TF alone favors documents where a term appears many times — but if the term appears in every document, it carries no discriminating information. IDF penalizes common terms, so "the" doesn't score highly just because it appears often.
Q: What are the limitations of TF-IDF?
- No semantic understanding: "ibuprofen" and "NSAID" are unrelated in TF-IDF vocabulary
- No context: can't distinguish "drug does NOT cause X" from "drug causes X"
- Vocabulary mismatch: query uses different words than documents
These limitations are exactly why dense vector embeddings (SBERT, OpenAI text-embedding) replaced TF-IDF for semantic search.
Q: How would you handle document length normalization?

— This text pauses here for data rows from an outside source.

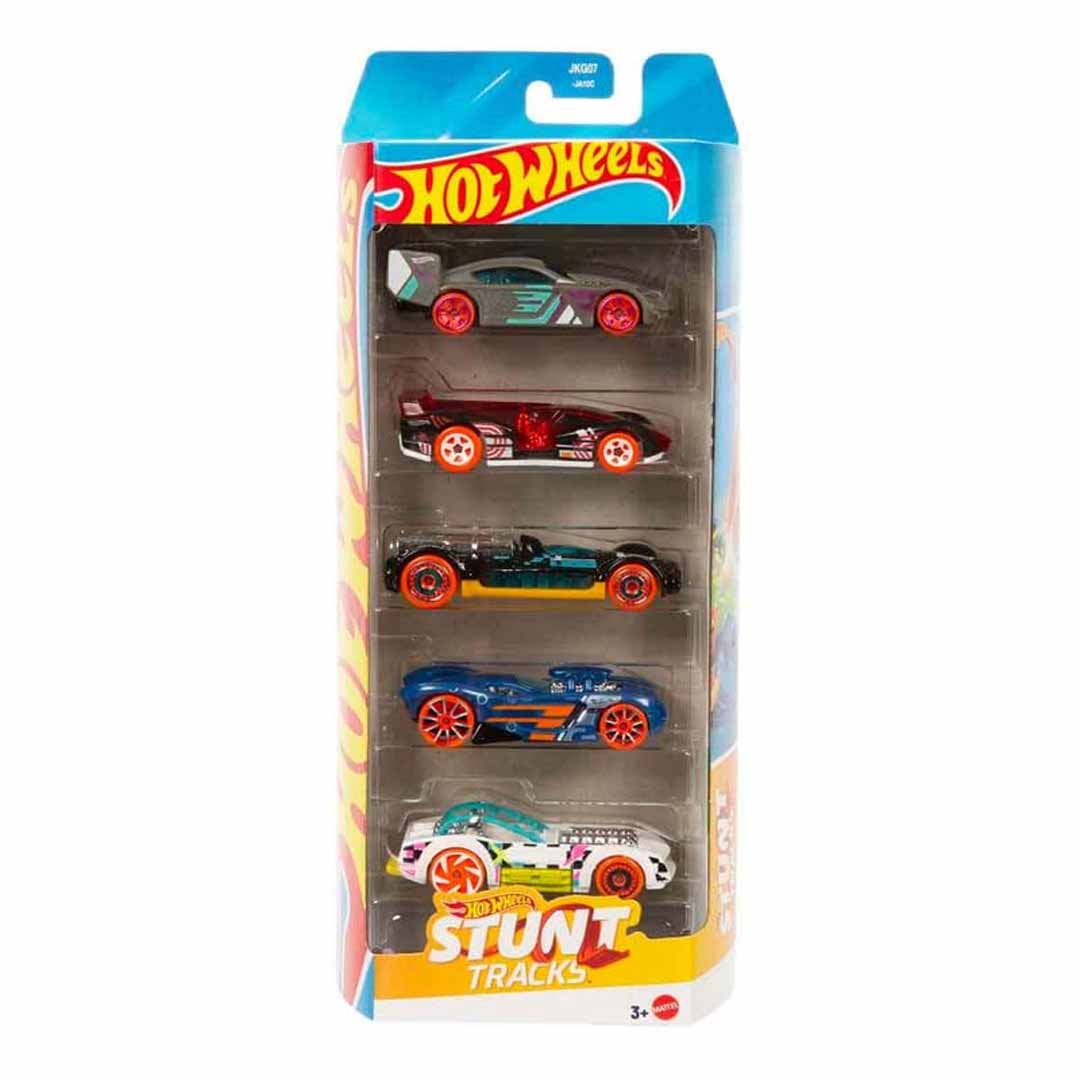 Hot Wheels 2026 Stunt Tracks 5-Pack Die-Cast Cars β Time Tracker, Electrack, Retro-Active, 16 Angels & Piledriver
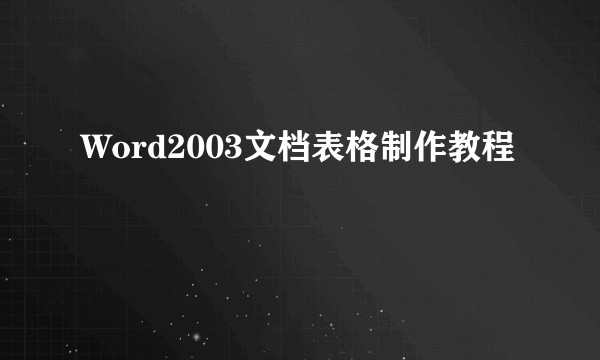 Word2003文档表格制作教程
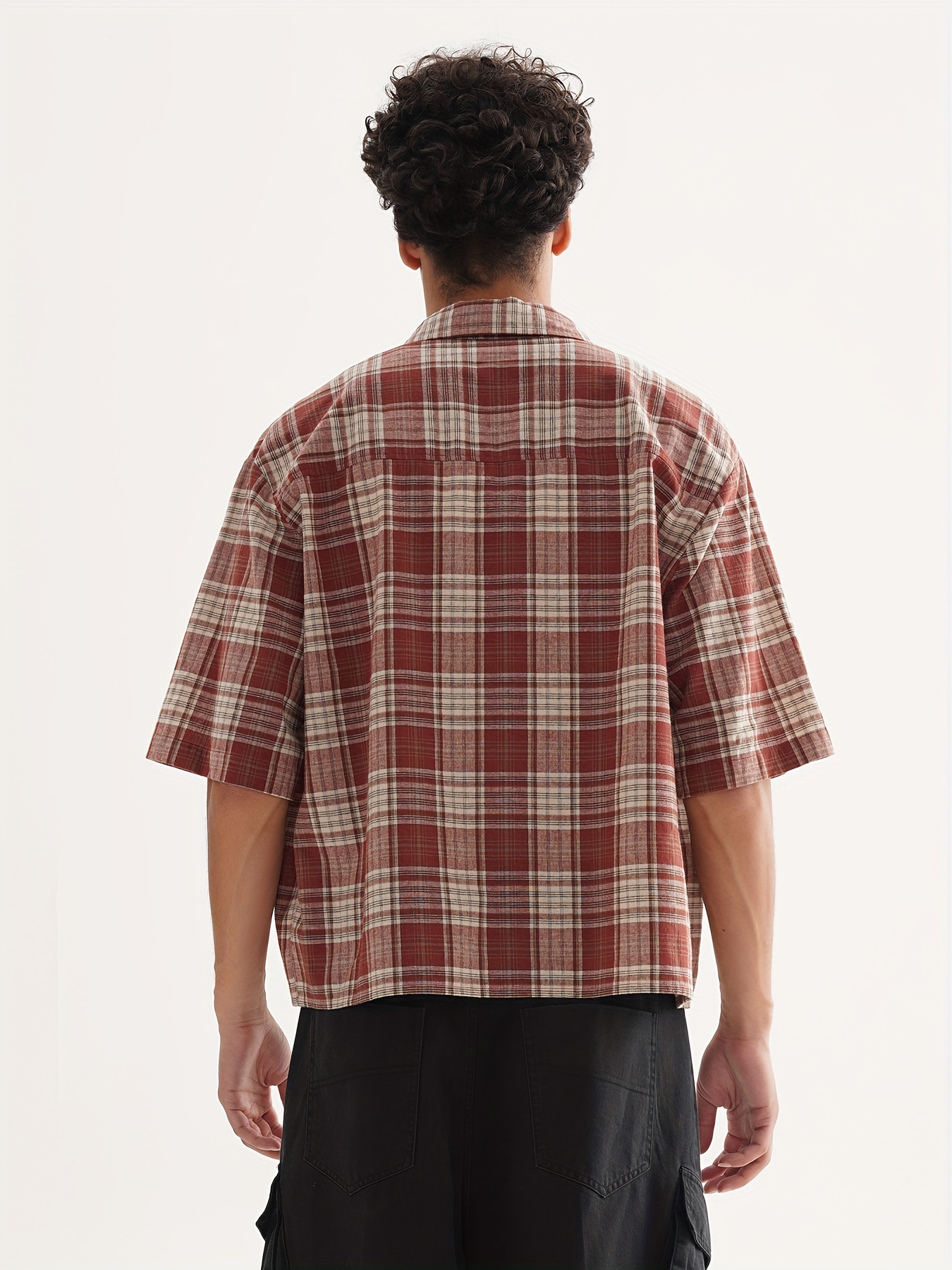 men's casual cropped shirt short sleeve button loose - Temu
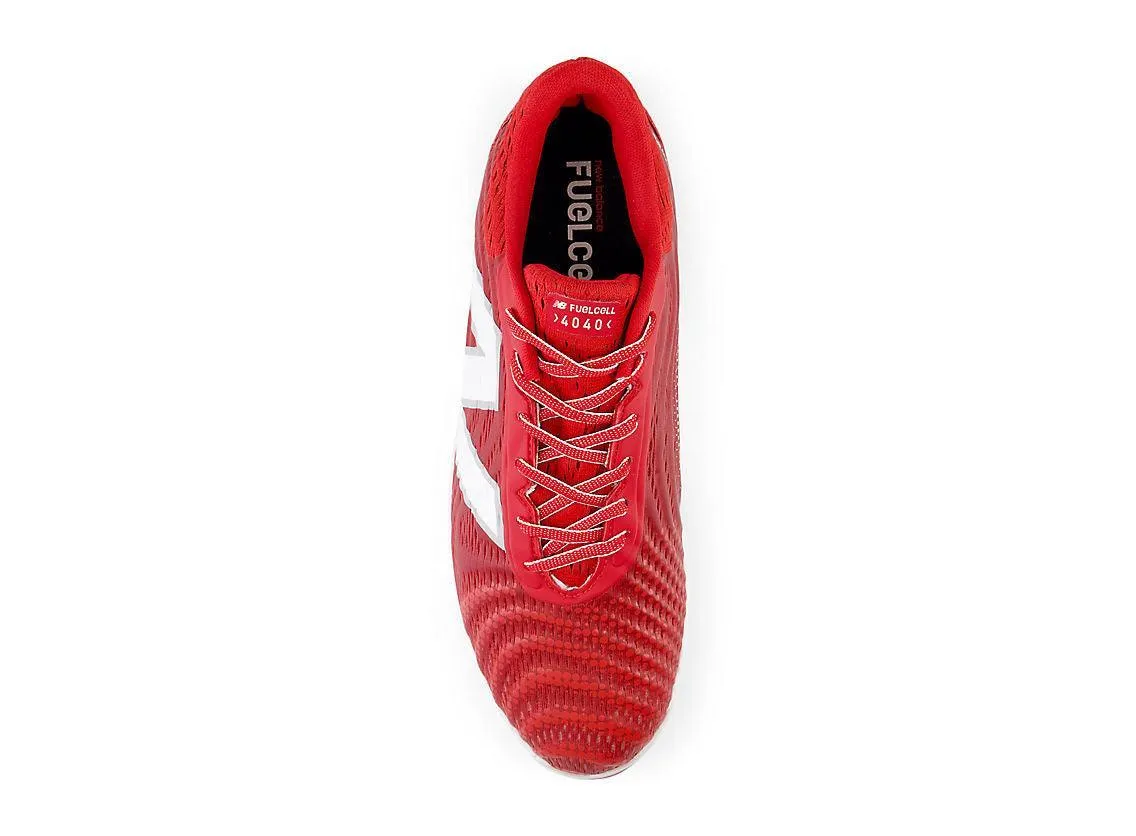 Flexibility Support New Balance Men's FuelCell 4040 V7 Molded Baseball Cleats - Team Red / White - PL4040R7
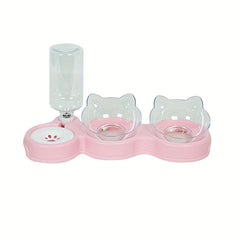 Elevated Cat Bowls With Water Dispenser Automatic Feeder Neck Protection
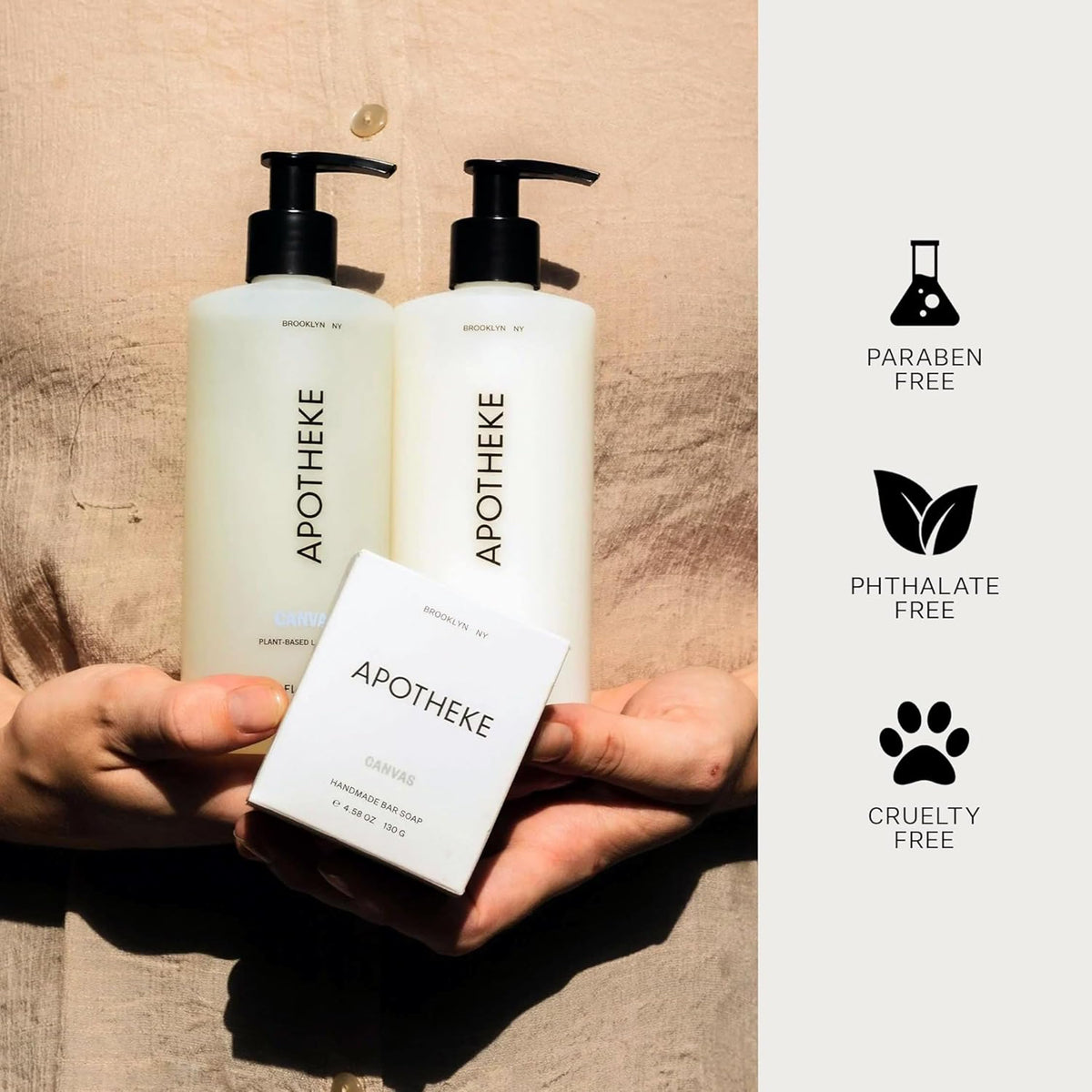 APOTHEKE Canvas body application demonstrates versatile use on hands and arms.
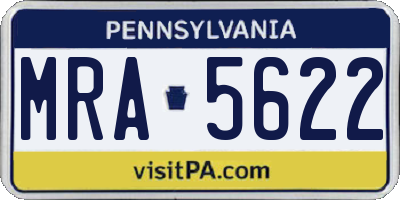 PA license plate MRA5622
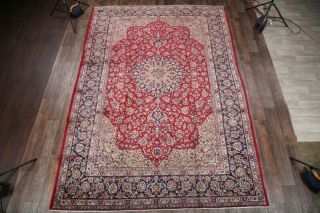 VINTAGE 9x13 RED TRADITIONAL FLORAL NAJAFABAD AREA RUG ORIENTAL HAND - KNOTTED 2
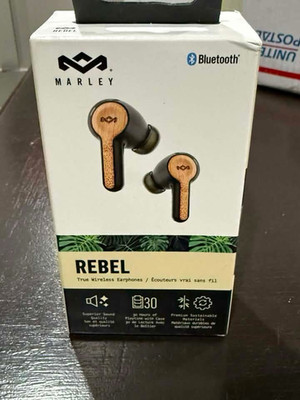 House of Marley Rebel True Wireless Bluetooth In-Ear Earbuds w/ Mic Black/Brown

Cosine similarity between document TF-IDF vectors naturally normalizes for length. Or use sublinear TF scaling: 1 + log(count) instead of raw count.
Using sklearn's Implementation
from sklearn.feature_extraction.text import TfidfVectorizer
from sklearn.metrics.pairwise import cosine_similarity
import numpy as np
vectorizer = TfidfVectorizer(
lowercase=True,
stop_words="english", # Remove common words
ngram_range=(1, 2), # Include bigrams
max_features=10_000,
)
doc_matrix = vectorizer.fit_transform(documents)
query_vec = vectorizer.transform(["metformin diabetes glucose"])
similarities = cosine_similarity(query_vec, doc_matrix)[0]
ranked = sorted(enumerate(similarities), key=lambda x: -x[1])
for idx, score in ranked[:3]:
print(f"[{score:.4f}] {documents[idx][:60]}")Cosine similarity is preferred over raw TF-IDF sum — it normalizes for document length so long documents don't get an unfair advantage.